Operation Longshanks

'Longshanks' was the British raid, otherwise known as 'Boarding Party', against a German merchant ship moored, as a neutral, in the Portuguese enclave of Goa in western India (9 March 1943).

The operation was undertaken by members of the Calcutta Light Horse, a reserve unit of the Indian army and inactive since the Boer War (1899/1902), and the Calcutta Scottish Regiment, against the 7,752-ton Ehrenfels. The operation was organised by the India Mission of the Special Operations Executive (Force 136), and was long kept concealed to avoid the political ramifications of contravening Portuguese neutrality.

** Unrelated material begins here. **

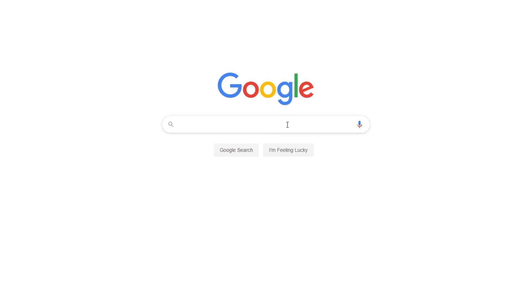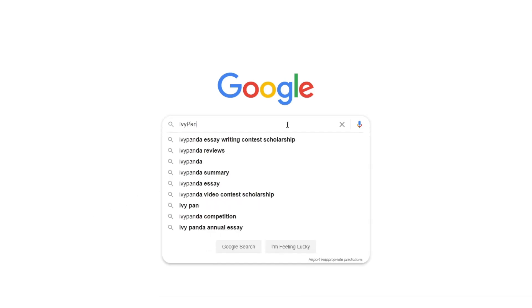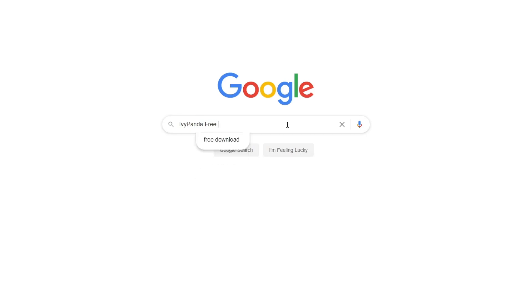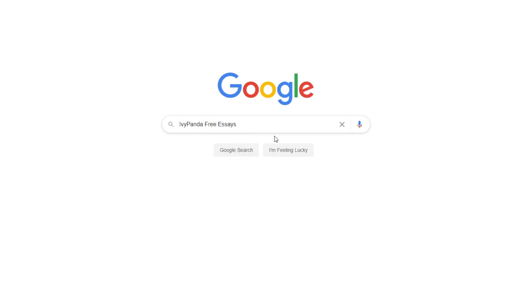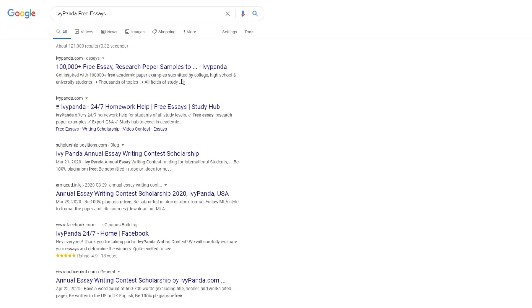This essay example, as well as thousands of others, is available in text format on our website for free and without registration. Simply Google Ivy Panda Free Essays.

It was believed that Ehrenfels, lying at a berth in Mormugao harbour, was transmitting information on Allied ship movements to Axis submarines operating in the Indian Ocean. The British attempted to bribe the captain of the German ship to take his vessel outside Portuguese waters, where it could then be legally boarded by British forces, but this proved impossible as the vessel was no longer able to make way under her own power.

The definitive British operation was therefore based on the idea of 'cutting out' Ehrenfels and towing her into international waters. The raiding party embarked on the powered barge Phoebe at Calcutta and sailed round India to Goa, where some of Ehrenfels's men fired on the approaching British, and then set off demolition charges and opened the sea cocks as the British boarded the German vessel.

After Ehrenfels had erupted in a fireball and sank, British intelligence dispatched an open message over the wire falsely warning that the British were planning to seize Goa. This persuaded the crews of the other two German ships in Goa, the 6,342-ton Drachenfels and 7,847-ton Braunfels, already troubled by the destruction of Ehrenfels, to scuttle their own ships in Goa’s harbour to prevent their capture in the supposed invasion of Goa. The single Italian ship in the harbour was also scuttled.

The real need for the operation is suggested by the fact that Axis submarines sank 12 Allied ships in the Indian Ocean during the first 11 days of March 1943, and only one in the rest of the month.